Copy the lines below as they are; omit the images they contain.
>>>>>
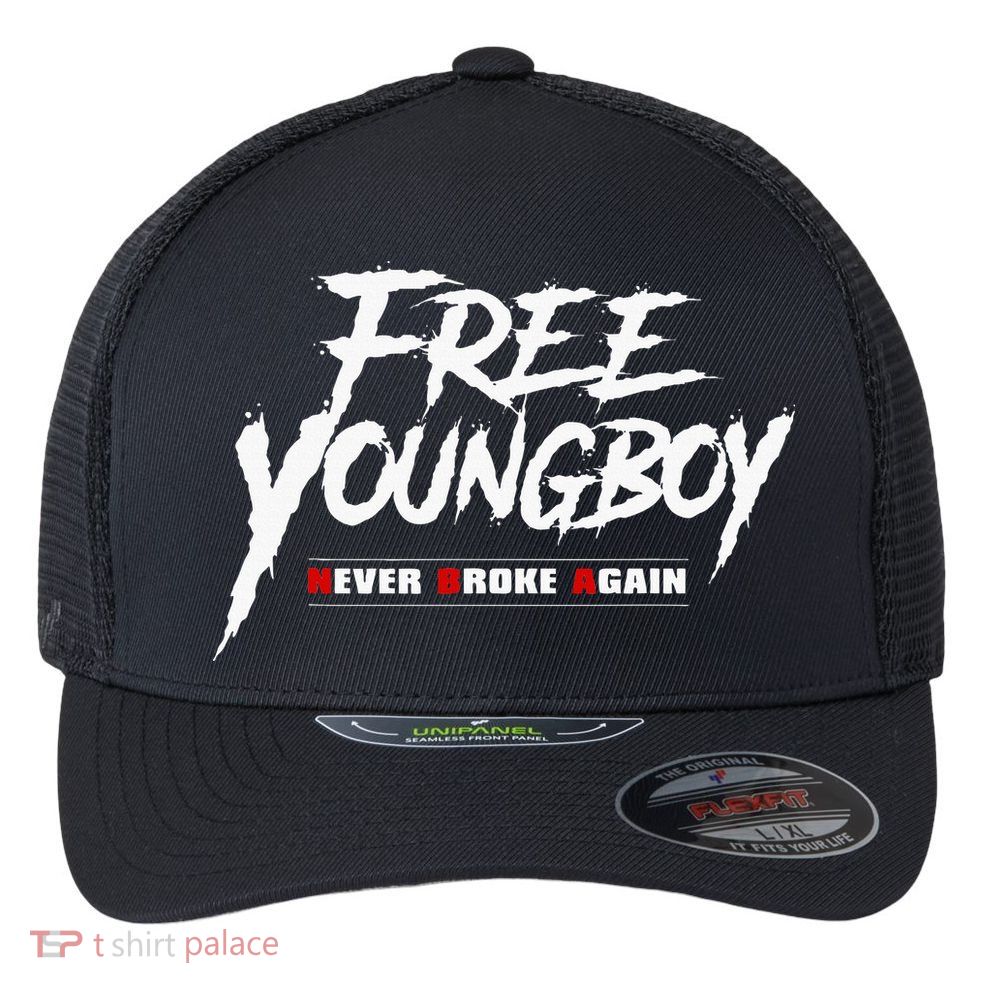 Free Y.O.U.N.G.B.O.Y Flexfit Unipanel Trucker Cap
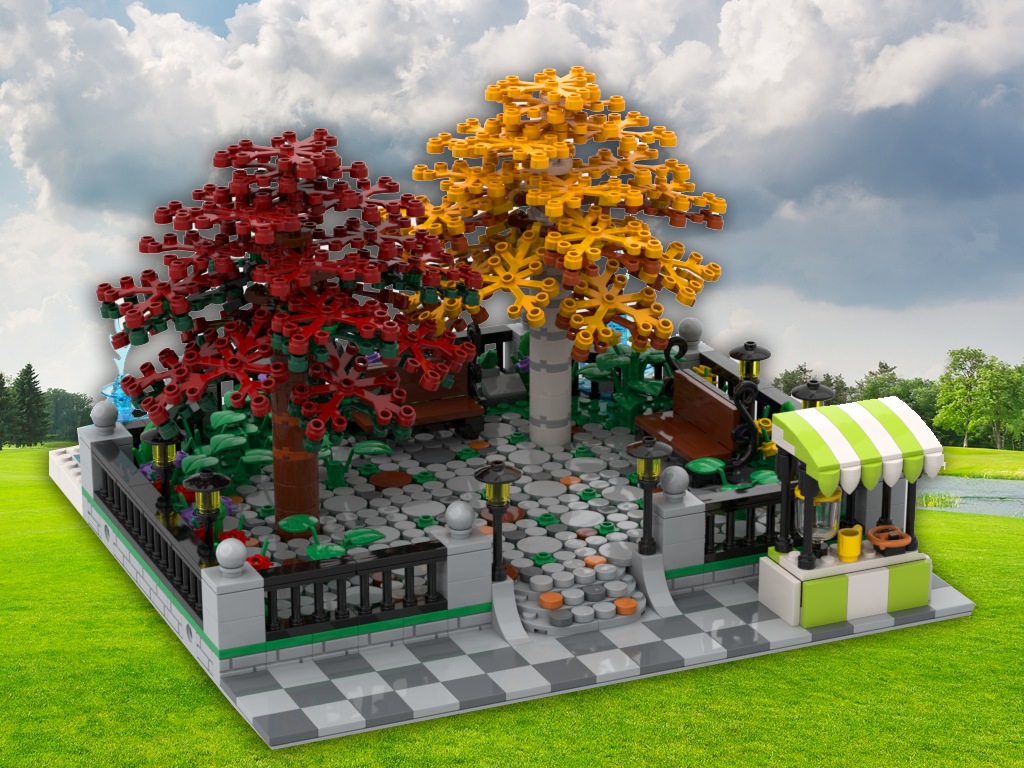 10 Inspiring Modular Park LEGO MOCs: Ideas, Tips and Instructions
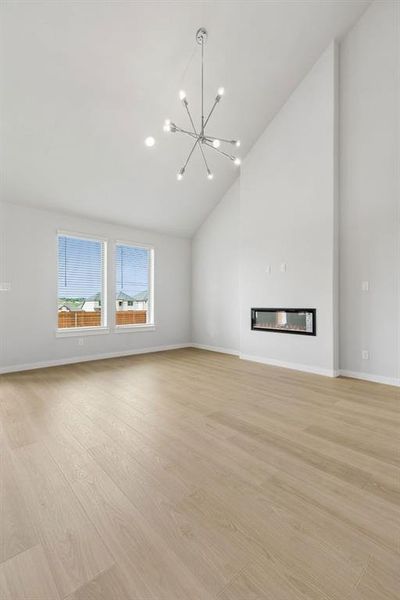 Living Room in the Winters home plan by Trophy Signature Homes – REPRESENTATIVE PHOTO Living Room in the Winters home plan by Trophy Signature Homes – REPRESENTATIVE PHOTO
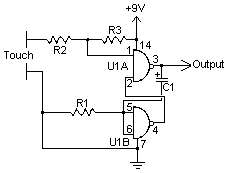 Schematic for Touch Switch 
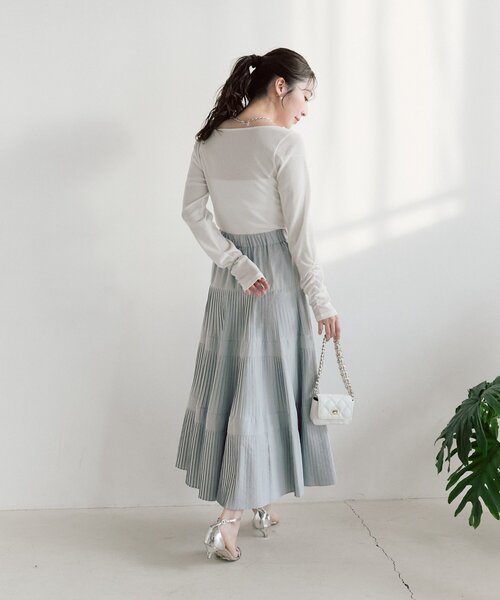 完売カラー再予約開始！】ドレープネックプルオーバー（Tシャツ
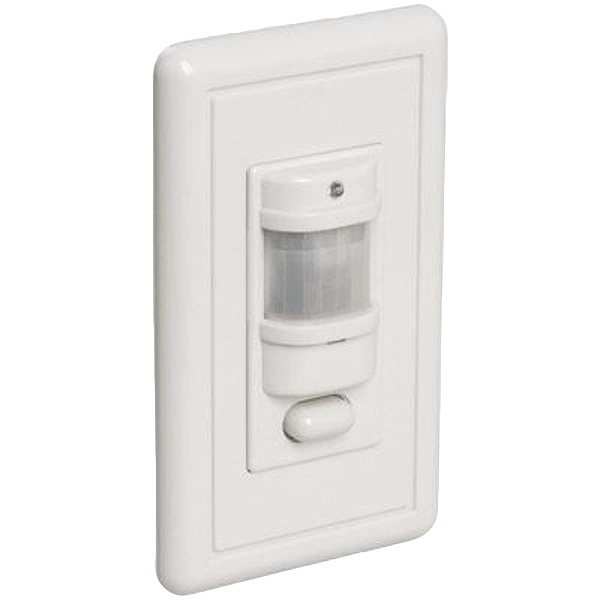 Датчик движения ИЭК в подрозетник ДД 028 белый 1200Вт 140° 9м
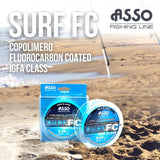 Surfcasting Nylon Fishing Line Asso Surf Blue 1000m 20lb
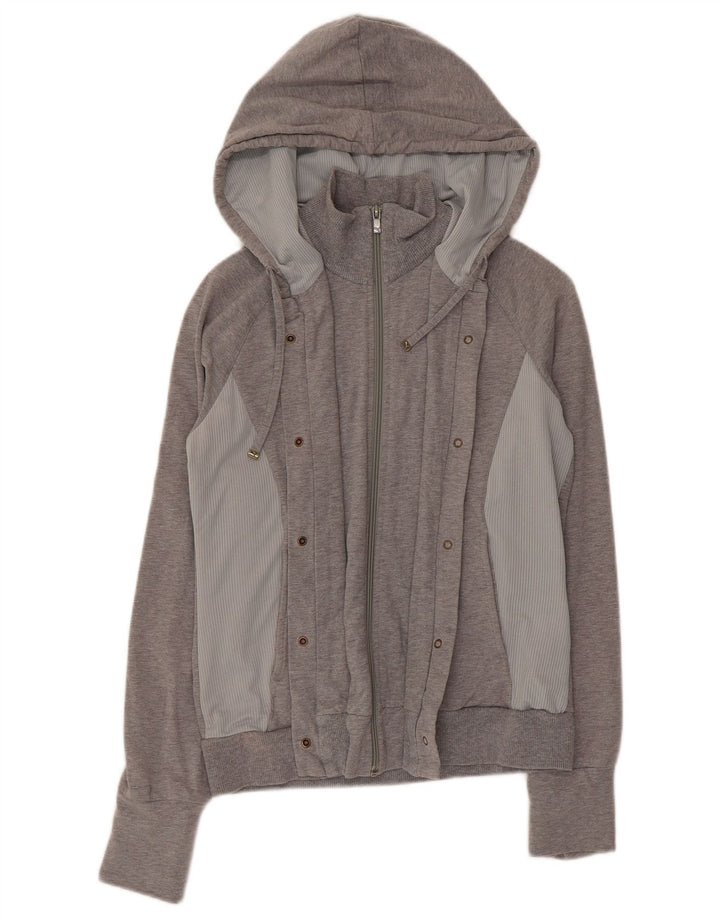 Pulover Puma pentru femei, cu fermoar, UK 12, gri mediu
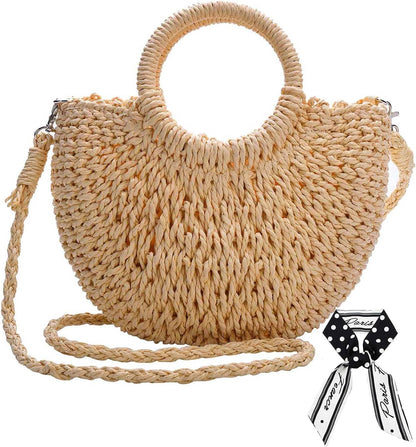 Straw Shoulder Bag For Women Woven Purse Beach Envelope Clutch Straws Wallet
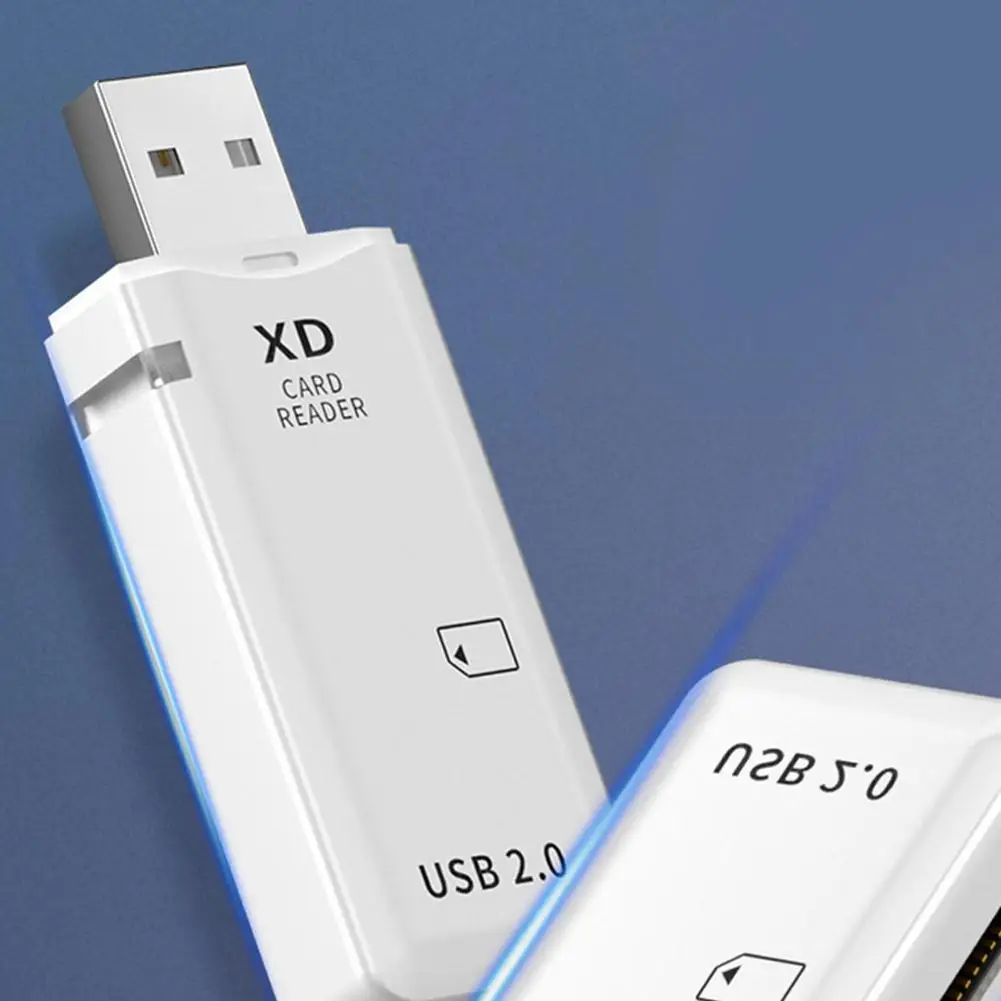 USB2.0 кард-ридер, однопортовый XD, высокоскоростной кард-ридер, USB-адаптер, адаптер флэш-накопителя для ПК, аксессуары для ноутбуков M8O4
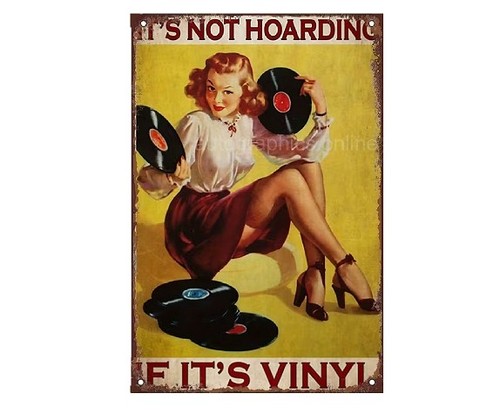 Vinyl not hoarding - vinyl,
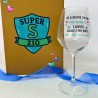 Calice regalo Super Zio o Super Zia  Confezione personalizzabile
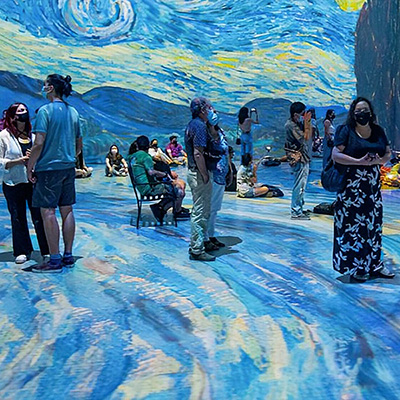 Van Gogh se pone tropical en Barranquilla
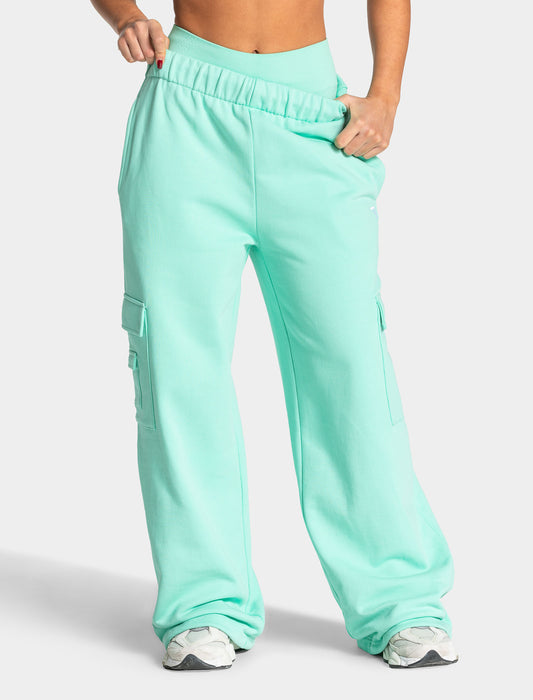 Lift Wide Leg Cargo Joggers ‘Mint’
<<<<<
TASK OUTPUT:
 Free Y.O.U.N.G.B.O.Y Flexfit Unipanel Trucker Cap
 10 Inspiring Modular Park LEGO MOCs: Ideas, Tips and Instructions
 Living Room in the Winters home plan by Trophy Signature Homes – REPRESENTATIVE PHOTO Living Room in the Winters home plan by Trophy Signature Homes – REPRESENTATIVE PHOTO
 Schematic for Touch Switch 
 完売カラー再予約開始！】ドレープネックプルオーバー（Tシャツ
 Датчик движения ИЭК в подрозетник ДД 028 белый 1200Вт 140° 9м
 Surfcasting Nylon Fishing Line Asso Surf Blue 1000m 20lb
 Pulover Puma pentru femei, cu fermoar, UK 12, gri mediu
 Straw Shoulder Bag For Women Woven Purse Beach Envelope Clutch Straws Wallet
 USB2.0 кард-ридер, однопортовый XD, высокоскоростной кард-ридер, USB-адаптер, адаптер флэш-накопителя для ПК, аксессуары для ноутбуков M8O4
 Vinyl not hoarding - vinyl,
 Calice regalo Super Zio o Super Zia  Confezione personalizzabile
 Van Gogh se pone tropical en Barranquilla
 Lift Wide Leg Cargo Joggers ‘Mint’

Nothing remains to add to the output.